Jinggagngshan, a primeira
Com um salto temporal de cerca de cinquenta anos, este enorme país começou a produzir o que já tinha sido pensado e concebido no nosso mercado livre. Fontes confirmam que a primeira fábrica de motociclos foi a Jinggagngshan, que abriu as suas portas em 1951 com a apresentação do primeiro modelo derivado diretamente da Zundapp K500 do exército alemão. Afinal, sem experiência, os fabricantes chineses tinham de se inspirar em algo já construído. As guerras tinham fornecido modelos como as BMW ou as Harley-Davidson americanas, nas quais os engenheiros tinham feito formação.
Pequim precisava das suas próprias motos e Mao tinha-se apercebido disso numa viagem a Moscovo, onde visitou uma fábrica de automóveis e declarou que queria uma igual na China. No entanto, na China de Mao, o processo que deveria gerar esse salto em frente estava a produzir efeitos secundários muito graves que culminaram numa terrível fome em 1960, a qual levou à morte de pelo menos catorze milhões de cidadãos.
A Rio Yangtzé 750
Porém, a fábrica desejada pelo líder estava a ter dificuldades em surgir e o primeiro carro concebido e testado nunca chegou às linhas de produção. Entretanto, a moto copiada da Zundapp K500 era a única disponível também para o exército. Logo depois, em 1957, juntou-se a Rio Yangtzé 750, construída pela Xiangjiang e Hongdu. Tratava-se de um sidecar com um motor boxer de dois cilindros copiado da Ural M72 russa, que por sua vez havia sido copiado da BMW 750 alemã da Segunda Guerra Mundial.

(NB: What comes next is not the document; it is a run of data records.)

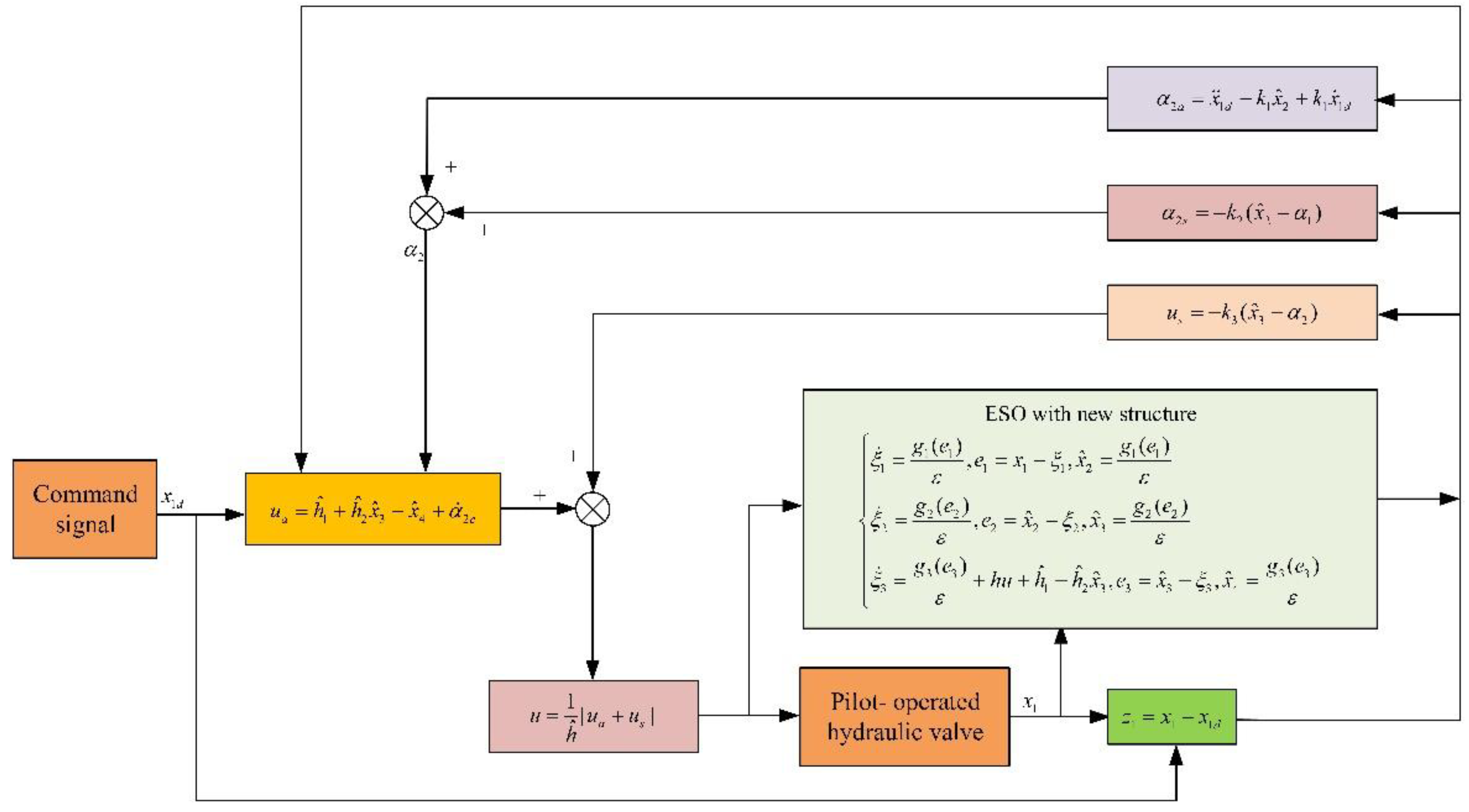 Preprints 153670 g002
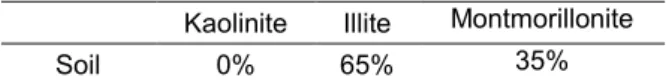 Table 3: Global composition of the soil used in this  study (in weight) 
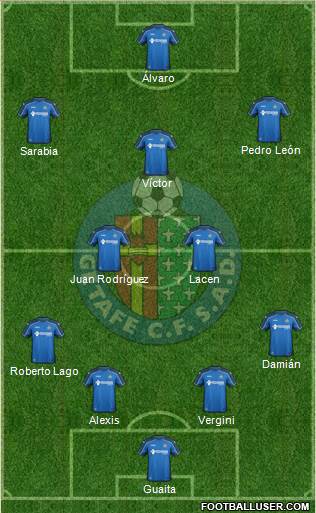 Getafe C.F., S.A.D. Formation 2015
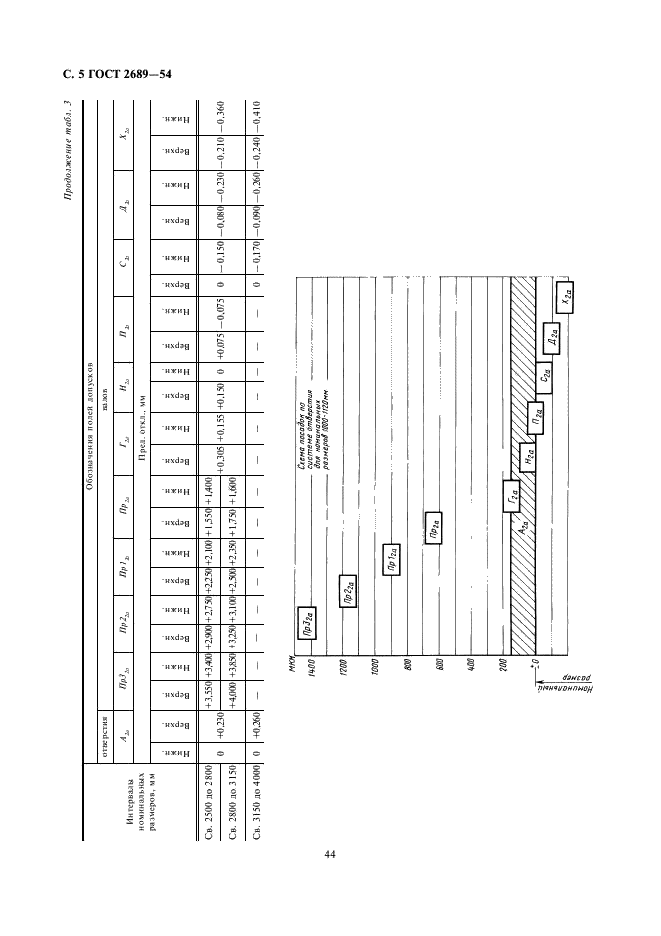ГОСТ 2689-54 Допуски и посадки размеров свыше 500 до 10000 мм (фото 5 из 17)
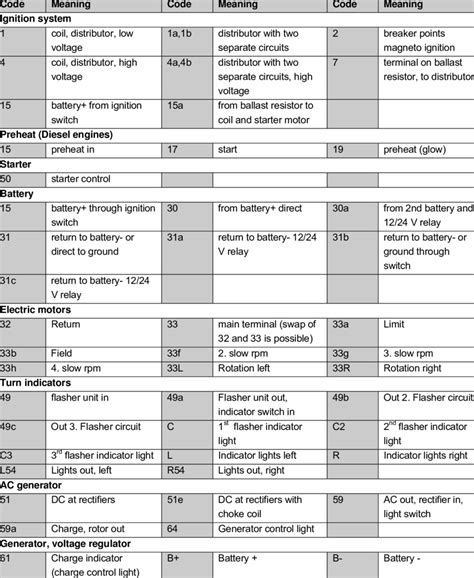 Car Terminal Numbers
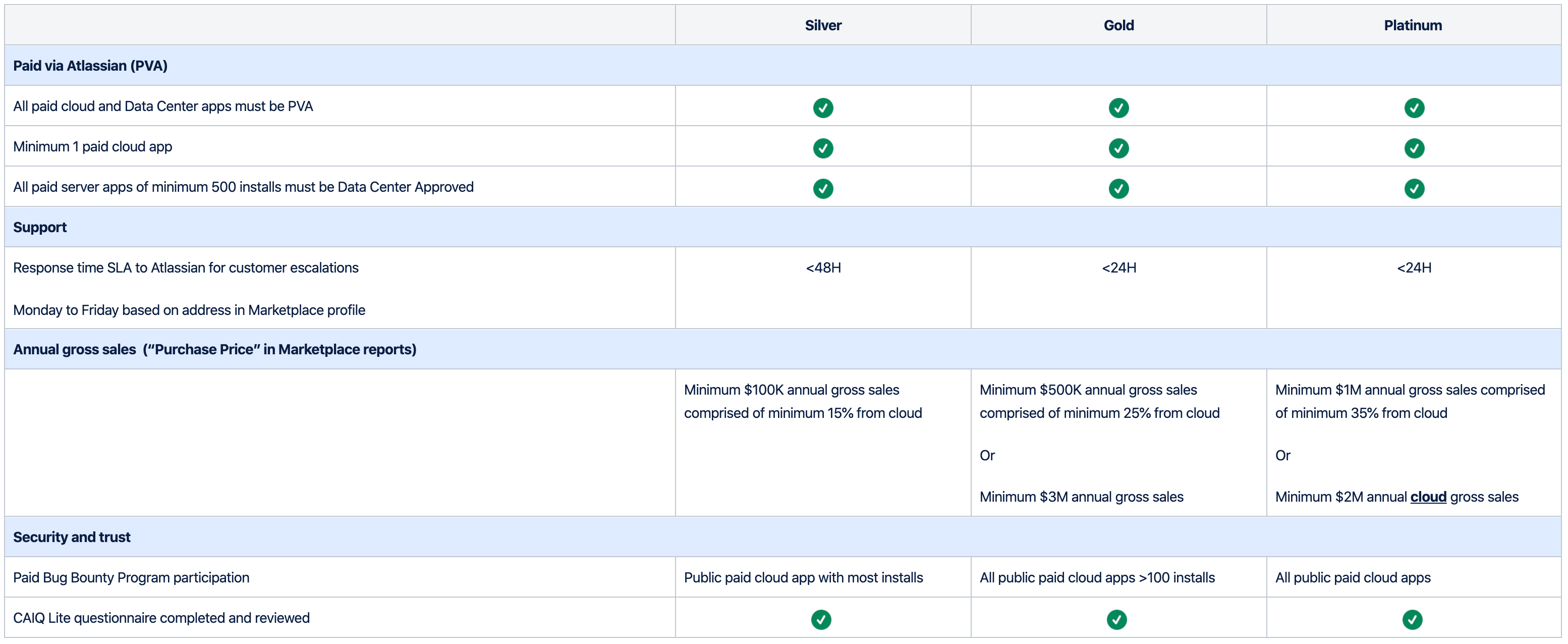 New Atlassian Partner Program requirement sheet New Atlassian Partner Program requirement sheet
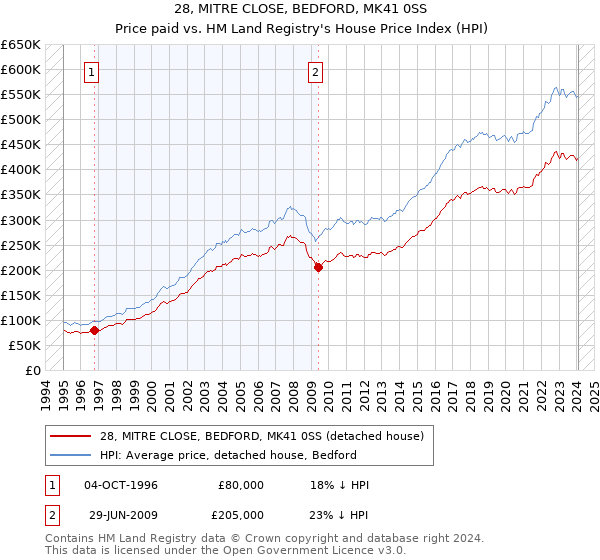 28, MITRE CLOSE, BEDFORD, MK41 0SS: Price paid vs HM Land Registry's House Price Index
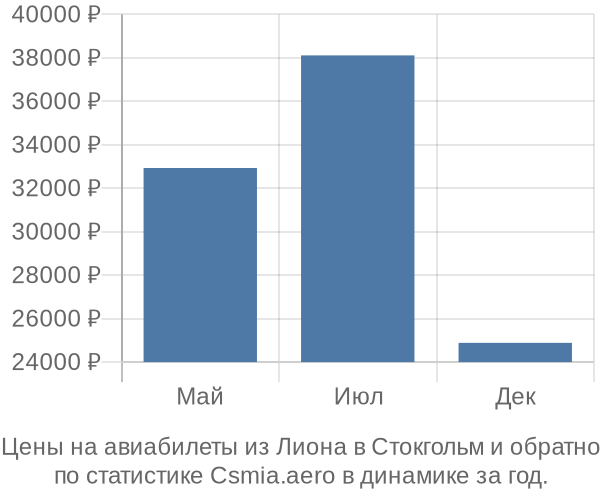 Авиабилеты из Лиона в Стокгольм цены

Assim, as cópias dos modelos considerados mais adequados ao desenvolvimento da nação começaram a crescer. Logo em 1979, a Xingfu 250, derivada da checoslovaca Jawa, é disso um bom exemplo. Até então relegada para os serviços postais, foi também oferecida ao público, alcançando grande sucesso e o título de moto do povo. Mas a China também tinha o seu próprio empresário de excelência. Aquele que iria finalmente dar um rosto às motos neste país, que estava a mudar de pele e a passar de Mao para o comunismo liberal de hoje. De fato, Zuo Zongshen fundou a Zongshen em 1992, levando-a, em poucos anos, a competir com os seus concorrentes no setor. Sem dúvida que estava lançado o novo rumo da indústria produtiva da moto no China.
A moto na China de hoje
Depois de ter dado esse salto em frente, que a política maoísta tinha perseguido sem grande sucesso, eis-nos hoje com as marcas chinesas a adquirirem empresas ocidentais como a Benelli, por exemplo. E a manterem o fundo histórico que os próprios chineses nunca tiveram, mas com o qual contam para investir o seu (enorme) capital e a produtividade com que podem aspirar a números recorde no domínio industrial.
A Qianjiang, fundada em 1985 e hoje conhecida como QJMOTOR, faz parte do grupo Geely, que detém a Volvo e cinquenta por cento da Smart. Este nunca se limitou a relançar uma marca adquirida e a manter vivo o seu prestígio, mas está a explorar a ‘joint venture’ para produzir as suas próprias motos, a fim de ser competitivo e realizar o sonho de pessoas como Zuo Zongshen e outros.